Aus der Politik kommt im deutschsprachigen Raum bisher keine wesentliche Reaktion. Dies wäre jedoch dringlich, da zu den Missständen auch die aktuellen geburtshilflichen Vergütungsregelungen der Krankenkassen beitragen, was besagt, dass eine interventionsfreie Geburt oftmals ein Verlustgeschäft für die Klinik bedeutet.
Fachbuch und Medien
Zusammenfassung
Kontext
Nachdem die Soziologin Christina Mundlos 2015 das erste Fachbuch zu der Thematik veröffentlicht hatte, kam es in Deutschland zu einem Medienecho und zu einem ersten Umdenken beim geburtshilflichen Personal. Der Deutsche Hebammenverband widmete sich in seiner Bundesdelegiertentagung 2015 dem Thema und lud Mundlos als Rednerin. Seitdem lassen sich Hebammenverbände, Doula Geburtsbegleiterinnen und Gynäkologen in Workshops von Mundlos zur Sensibilisierung und Deeskalation fortbilden. Zumindest die Anzahl der Dammschnitte ist seit dem Erscheinen des Buches von 24 % auf ca. 19 % gesunken.[11] Die Medien stellten die Thematik der Gewalt rund um die Geburt auch in den Kontext der #MeToo-Debatte. Die „kleinen und großen Grenzüberschreitungen, die Frauen aufgrund ihres Frauseins erleben“, würden „derzeit so dringlich wie lange nicht mehr diskutiert“.[12] Bei der Frage, was gesellschaftlich akzeptabel ist, stehe die Gesellschaft heute beim Thema Gewalt in der Geburtshilfe an einem ähnlichen Wendepunkt wie in den 1980er Jahren beim Thema Vergewaltigung in der Ehe.[13]

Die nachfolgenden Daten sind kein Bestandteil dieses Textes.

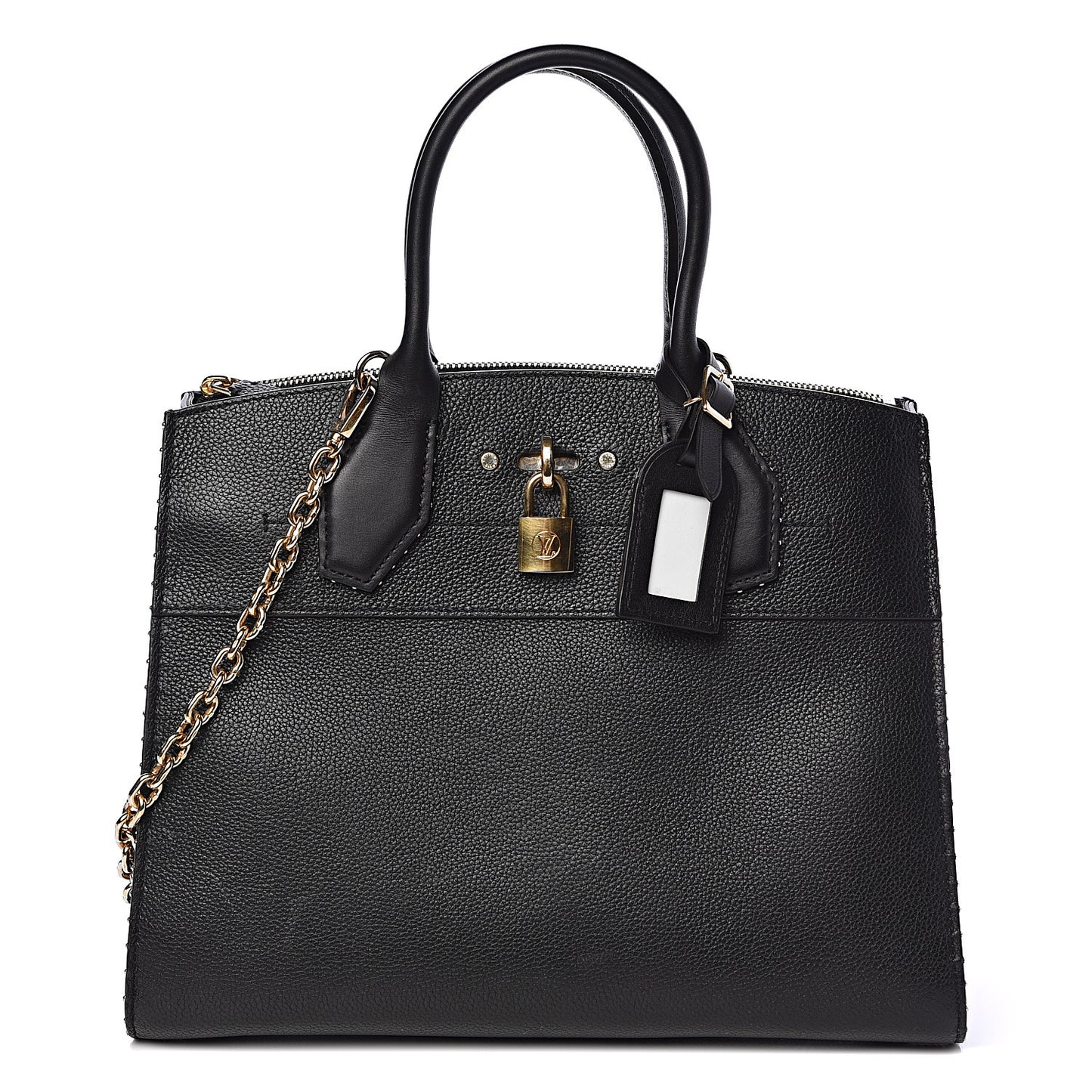 Calfskin Studded City Steamer MM Black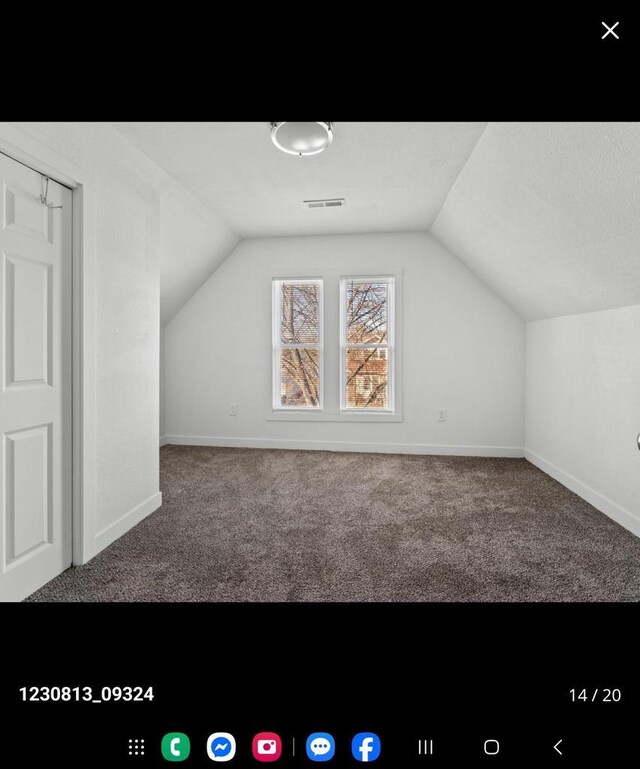 2317 S 9th St, Sheboygan, WI 53081 - bonus room featuring visible vents, baseboards, carpet, and lofted ceiling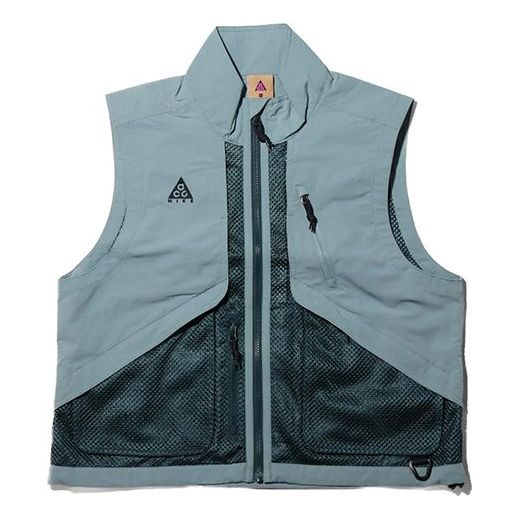 Nike Acg Outdoor Multiple Pockets Colorblock Stand Collar aviator vest Asia Edition Green 'Aviator Grey Deep Jungle' BQ7290-041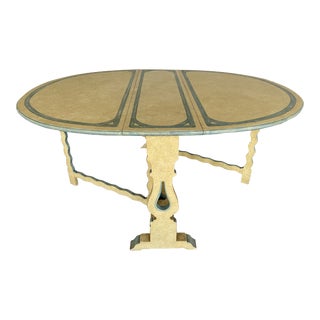 Vintage French Handpainted Farmhouse Drop-Leaf Gate-Leg Oval Dining Table For Sale
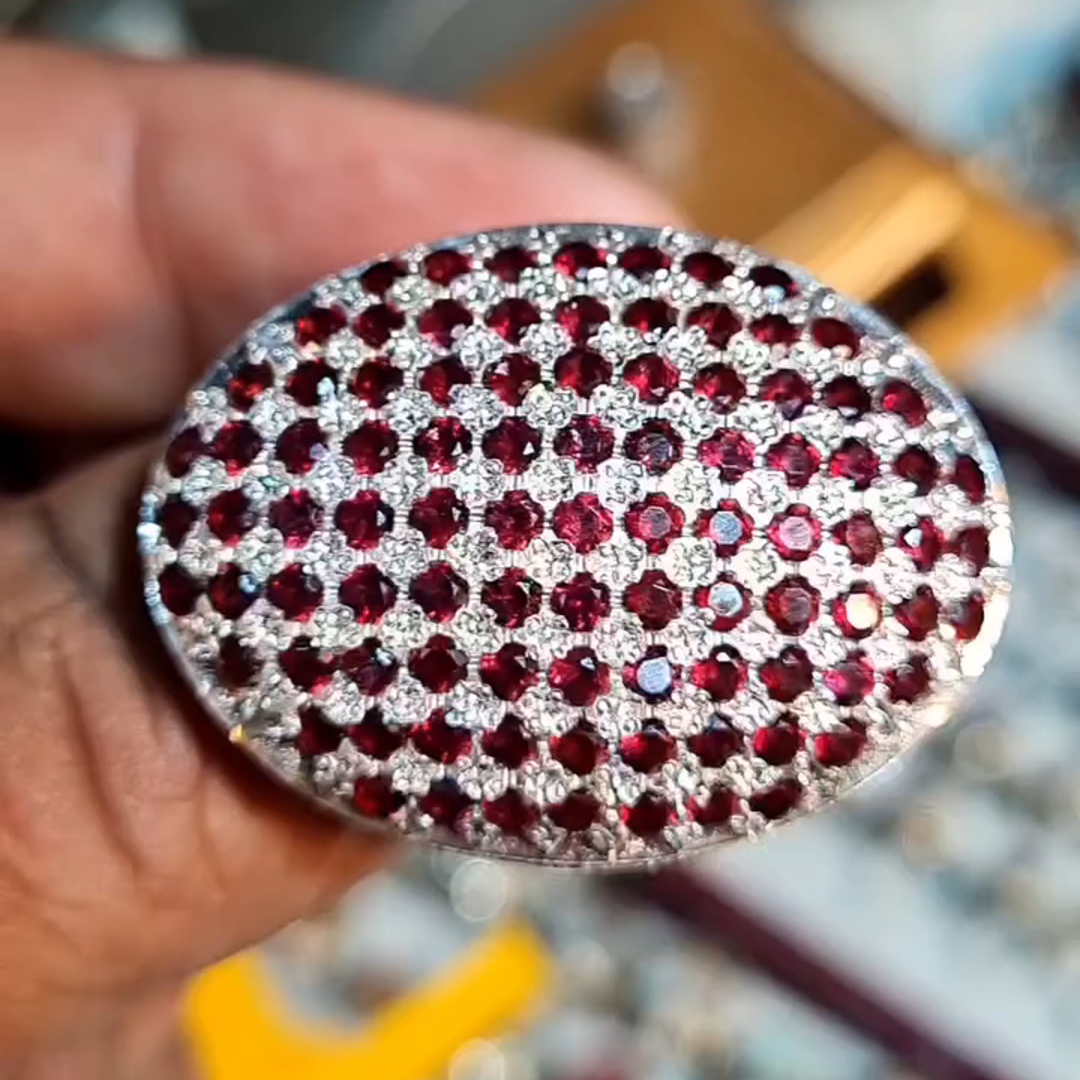 Round Cut Ruby ​​and Diamond Set Luxury Sterling Silver Handmade Ring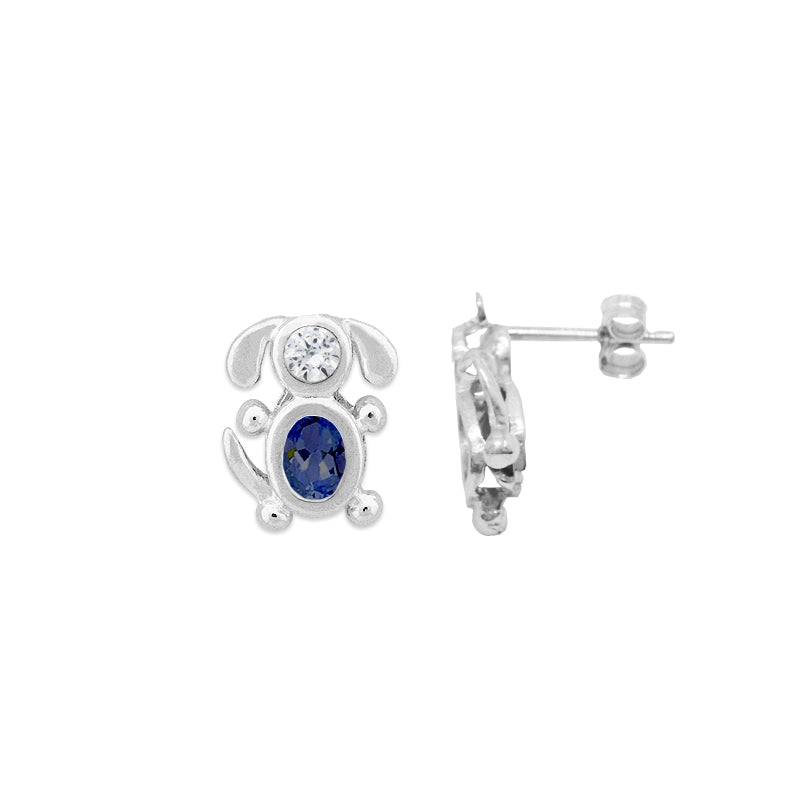 Dog Earrings Sterling Silver Your Choice of Birthstones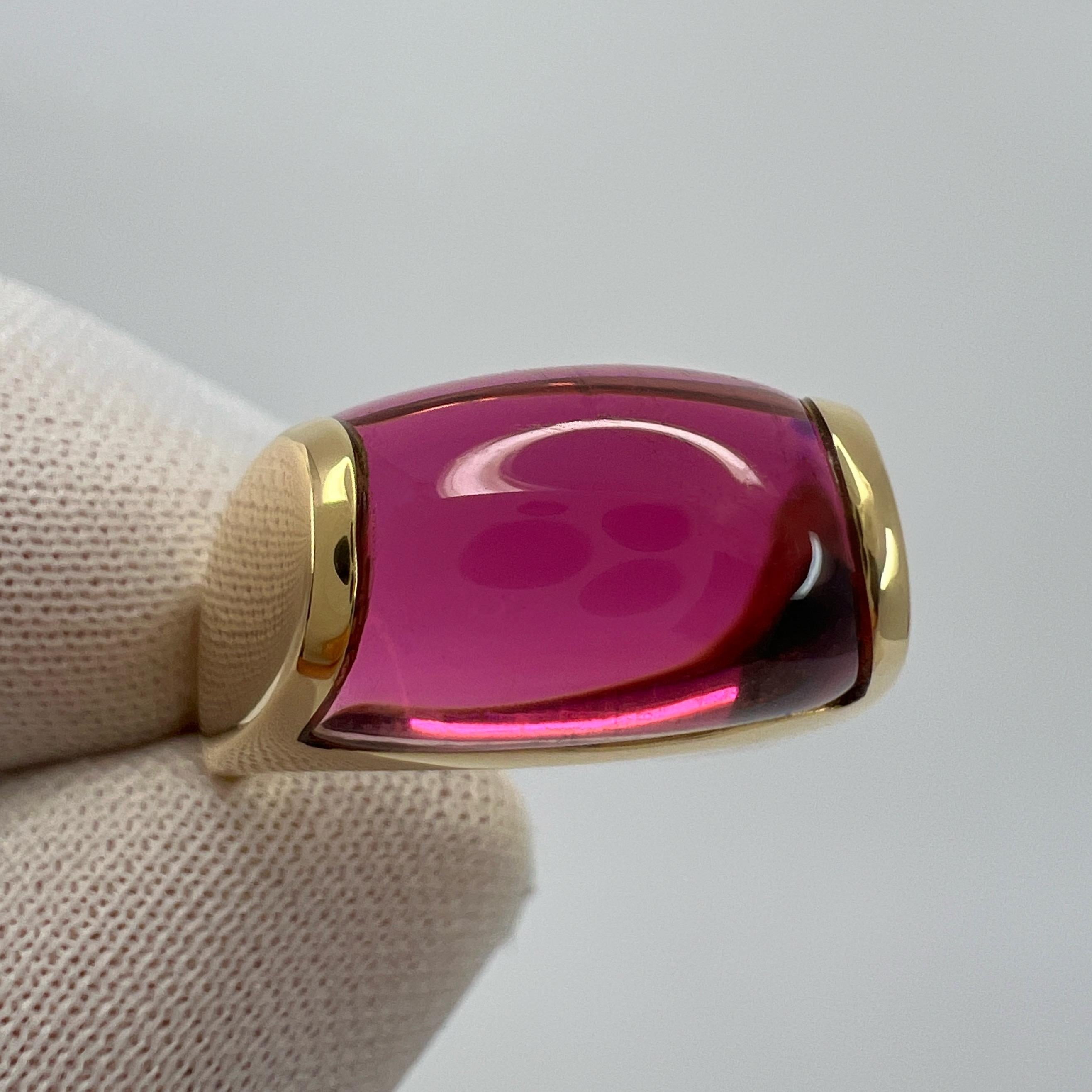 Rare Bvlgari  Tronchetto 18k Yellow Gold Rubellite Pink Tourmaline Ring with Box 1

Ethisch kann zu bedenken gegeben werden, dass die Anwendung von Gewalt oder Zwang häufig aus scheinbar widerstreitenden 'Interessen' von Gebärender und Kind sowie der Herausforderung der doppelten Benefizienzverpflichtung des medizinischen bzw. pflegenden Personals resultiert.[14][15]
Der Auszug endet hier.